-- Data provided follows --

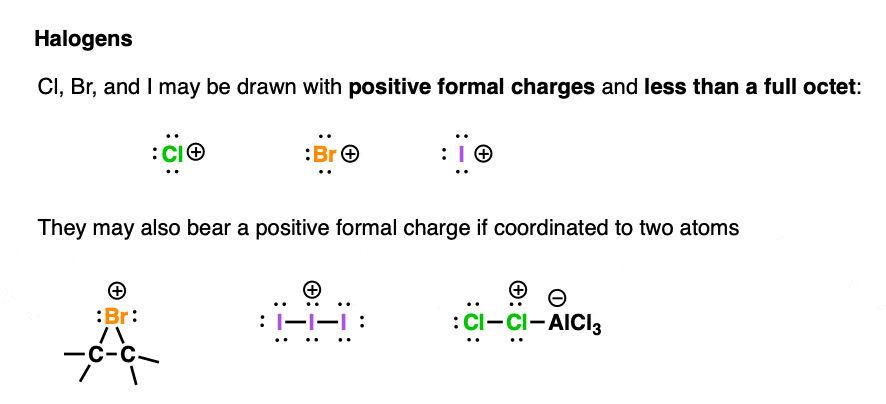 calculating formal charge on halogen atoms can be positively charged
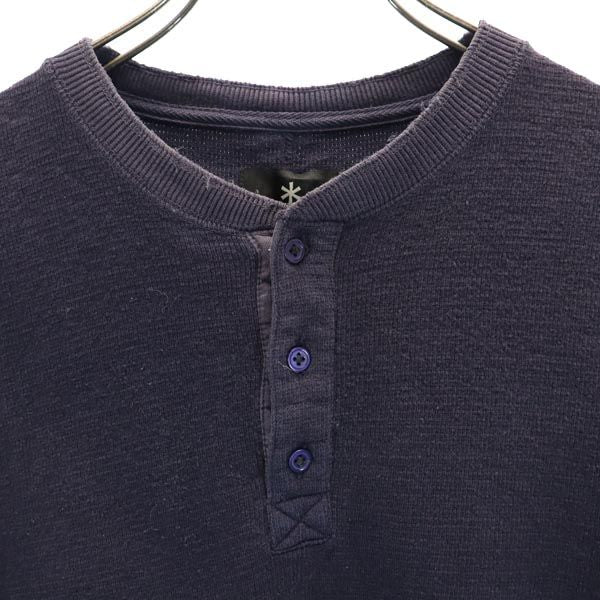 snowpeak スノーピーク 日本製 アウトドア 半袖 ヘンリーネック Tシャツ L ネイビー系 レディース
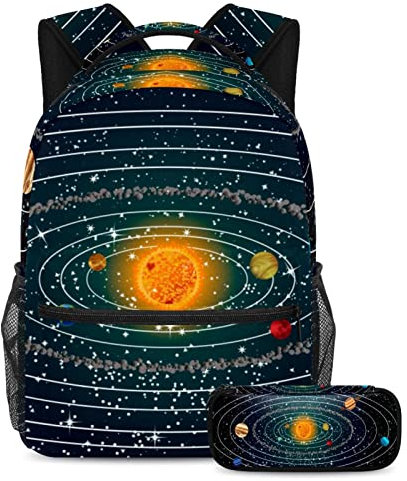 Space Planets Galaxy Schultaschen-Set für Teenager, Mädchen, Jungen, Kinder, Studenten-Büchertasche, Rucksack mit Federmäppchen für Primär-Sekundär-Junior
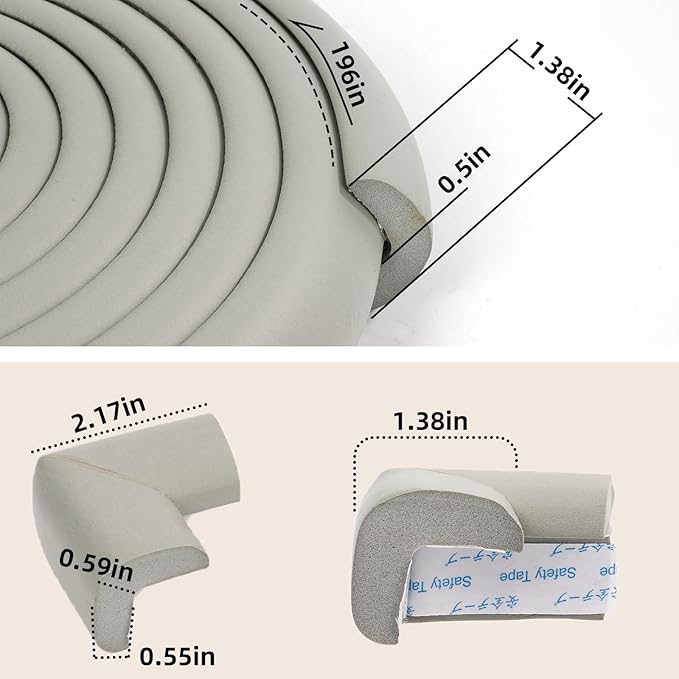 2 Pack L Shape Extra Thick Furniture Table Edge Protectors Foam Baby Safety Bumper Guard 16.4 Ft, Hearth Cushion, for Table, Fireplace, Countertop(with 8 Corners) (Gray)-CubbioJoy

-- Data provided concluded --

**Task description**
Set down the material exactly, every line of it, except for the pictures.

**Result for this task**
 calculating formal charge on halogen atoms can be positively charged
 snowpeak スノーピーク 日本製 アウトドア 半袖 ヘンリーネック Tシャツ L ネイビー系 レディース
 Space Planets Galaxy Schultaschen-Set für Teenager, Mädchen, Jungen, Kinder, Studenten-Büchertasche, Rucksack mit Federmäppchen für Primär-Sekundär-Junior
 2 Pack L Shape Extra Thick Furniture Table Edge Protectors Foam Baby Safety Bumper Guard 16.4 Ft, Hearth Cushion, for Table, Fireplace, Countertop(with 8 Corners) (Gray)-CubbioJoy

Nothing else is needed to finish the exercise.